Both chambers of US Congress resumed work this week coming off the annual August recess, and both have several major trucking regulatory reforms and legislation that will likely will see action before year’s end.
According to CCJ magazine, here’s a few expected measures on tap over the next few months:
CSA score removal: Included in the Senate’s DRIVE Act is a provision that would remove CSA scores from public view, a measure sought for by the many in the trucking industry since the program took effect in 2010. The bill cleared the Senate in late July with the provision intact.
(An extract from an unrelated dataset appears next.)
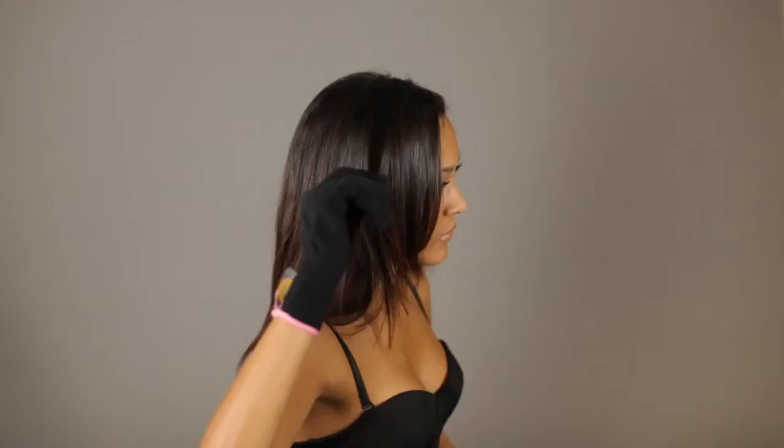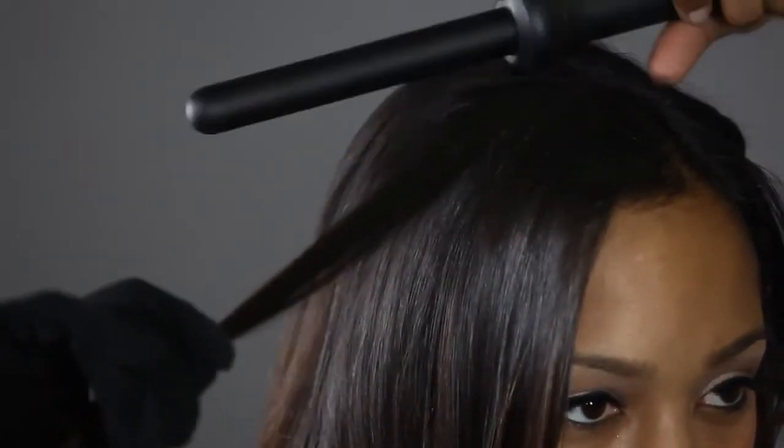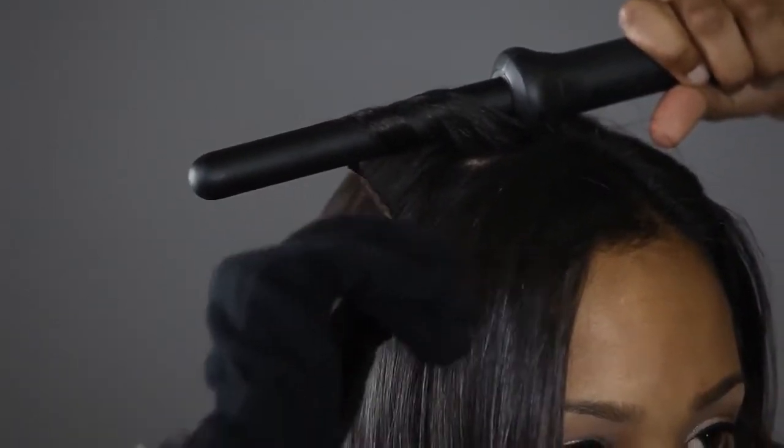To do the back of your head, select a small to medium strand of hair. Place the iron at the back of your head slightly pointed down. Wrap the hair side by side, never overlapping, from root to tip.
The House still must pass the DRIVE Act, though it likely will produce its own version rather than simply taking up the Senate’s bill. The Senate bill calls for removal of the scores from public view until regulators can fix the program’s flaws.
Hours-of-service ‘restart rollback’ continuation: Both the House and the Senate have taken up bills that would continue the suspension of certain hours-of-service rules, implemented last December. Congress last year put a stay of enforcement on two 2013-implemented regulations: (1) That a driver’s 34-hour restart include two 1 a.m. to 5 a.m. periods and (2) The limitation of the restart’s use to once per week.
The Senate’s 2016 approprations bills would keep the stay of enforcement in place until FMCSA can report to Congress research that shows the rules yield safety benefits.
Driver drug testing: Also included in the Senate’s DRIVE Act highway bill is a change to driver drug screening regulations. It would allow carriers to use hair testing in lieu of urine testing to satisfy federal drug testing requirements.
Size and weight changes: Both chambers’ DOT-funding bills also would allow 33-foot double trailers, an increase from the current 28-foot maximum.
CSA score disclaimers: If the DRIVE Act does not make it through Congress with the provision to remove CSA scores included, the Senate also has in the works another measure — one to require that all public displays of carrier percentile rankings in CSA’s Safety Measurement System include disclaimers that, per the bill’s text, “[warns] users that [CSA scores] are not necessarily reliable indicators of relative safety performance.” The CSA disclaimer provision is included in the Senate’s 2016 DOT appropriations bill.